Johann Chapoutot grandit à Martigues. Étudiant en classe de Première littéraire, son professeur d'histoire l'inscrit au concours général d'histoire (1995), dont il est lauréat. Le sujet est « Un ou des fascismes dans l'Europe de l'entre-deux-guerres ? ».

Il est admis au lycée Henri-IV, puis à l’École normale supérieure de Fontenay-Saint-Cloud (promotion 1998, classé premier au concours d'entrée dans la série « Langues vivantes »). Il obtient l'agrégation d’histoire en 2001. Il est diplômé de l’Institut d'études politiques de Paris (promotion 2002).

Il est docteur en histoire en 2006, puis habilité à diriger des recherches en 2013.

Il devient professeur d'histoire contemporaine à Sorbonne Université (ancienne université Paris-Sorbonne ou université Paris-IV) en 2016. Il a auparavant été successivement maître de conférences à l'université Pierre-Mendès-France de Grenoble (2008-2014), puis professeur à l'université Sorbonne-Nouvelle (Paris-III, 2014-2016). Il a également été membre de l'Institut universitaire de France (2011-2016). Lauréat de la fondation Humboldt, il a été chercheur invité à la Freie Universität de Berlin (2015-2016).

En 2015, il remet en question la pertinence de rééditer Mein Kampf d'Adolf Hitler, car elle encouragerait une lecture « hitléro-centriste » du national-socialisme , depuis longtemps dépassée.

Il enseigne l'histoire de l'Allemagne, en particulier son histoire contemporaine depuis 1806, les sociétés européennes au xixe siècle (1815-1914), ainsi que l'histoire mise en regard avec le cinéma.

Thèses et travaux

Histoire culturelle du national-socialisme

Johann Chapoutot pratique une histoire culturelle du national-socialisme : pour comprendre celui-ci, il faut « prendre au sérieux » les idées et les représentations des nationaux-socialistes. Il s'attache à montrer combien elles s'inscrivent dans une tradition culturelle européenne et occidentale (ainsi a-t-il préfacé l'ouvrage de James Q. Whitman sur Le Modèle américain d'Hitler). Ces thématiques ont été l'objet de sa thèse de doctorat (Le National-socialisme et l'Antiquité, 2006) et de son mémoire d'habilitation (La loi du sang, 2014).
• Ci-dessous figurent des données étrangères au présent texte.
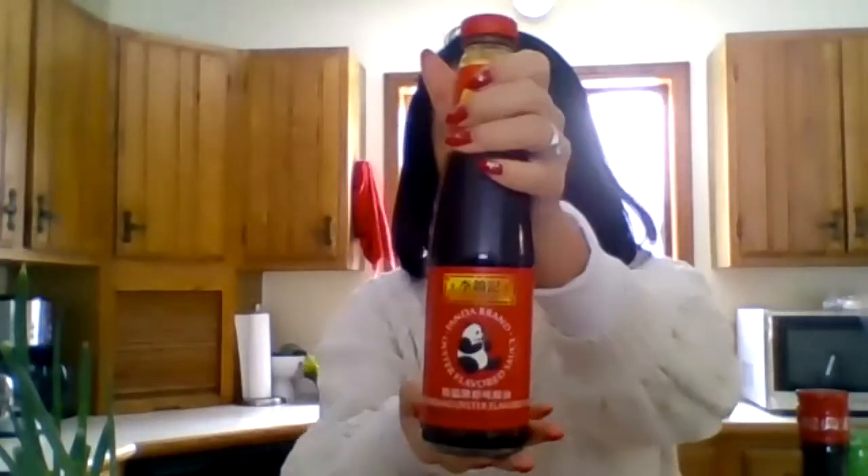So we've got sesame oil, we've got oyster sauce — all of this you can get at Wegmans. You've got Shaoxing cooking wine, and I like to use low-sodium soy sauce. Here are the wonton wrappers that I use; I get these from Wegmans. They have a pretty nice section. Also, Chinese New Year — or the Lunar New Year, because Vietnamese people and other Asian Pacific Island communities celebrate it too — is coming up February 12th.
La « Révolution culturelle » nationale-socialiste

Avec la parution de son ouvrage La Révolution culturelle nazie (2017), Chapoutot approfondit sa thèse en s'appuyant sur une abondante bibliographie, aussi bien allemande qu'européenne. Son but est le même : exposer la cohérence intellectuelle et culturelle du projet national-socialiste développé par Adolf Hitler.

La thèse exposée par Chapoutot est en effet que le national-socialisme n'est absolument pas « un accident de l'histoire », mais que, bien au contraire, il a construit un système de pensée « distinct de la tradition chrétienne et européenne », un raisonnement « purifié de ses scories humanistes et universalistes ». Ce système n’en est pas moins rationnel et cohérent, pourvu d’une logique que l’esprit peut décortiquer et appréhender. Il s’agit d’un monde en soi, dont les adeptes ont intégré les règles une fois qu’ils avaient opérés sur eux-mêmes cette « révolution culturelle ». La « révolution culturelle » est d’abord une révolution conservatrice : elle vise à « revenir à l’origine, à ce qu’était l’homme germanique, son mode de vie et son attitude instinctuelle à l’égard des êtres et des choses ». Elle définit aussi le corps social comme la communauté populaire (Volksgemeinschaft), suivant une vision organiciste de la société. L’individu n’existe qu’en tant que membre du groupe et son existence ne se justifie que si son action est bénéfique pour celui-ci.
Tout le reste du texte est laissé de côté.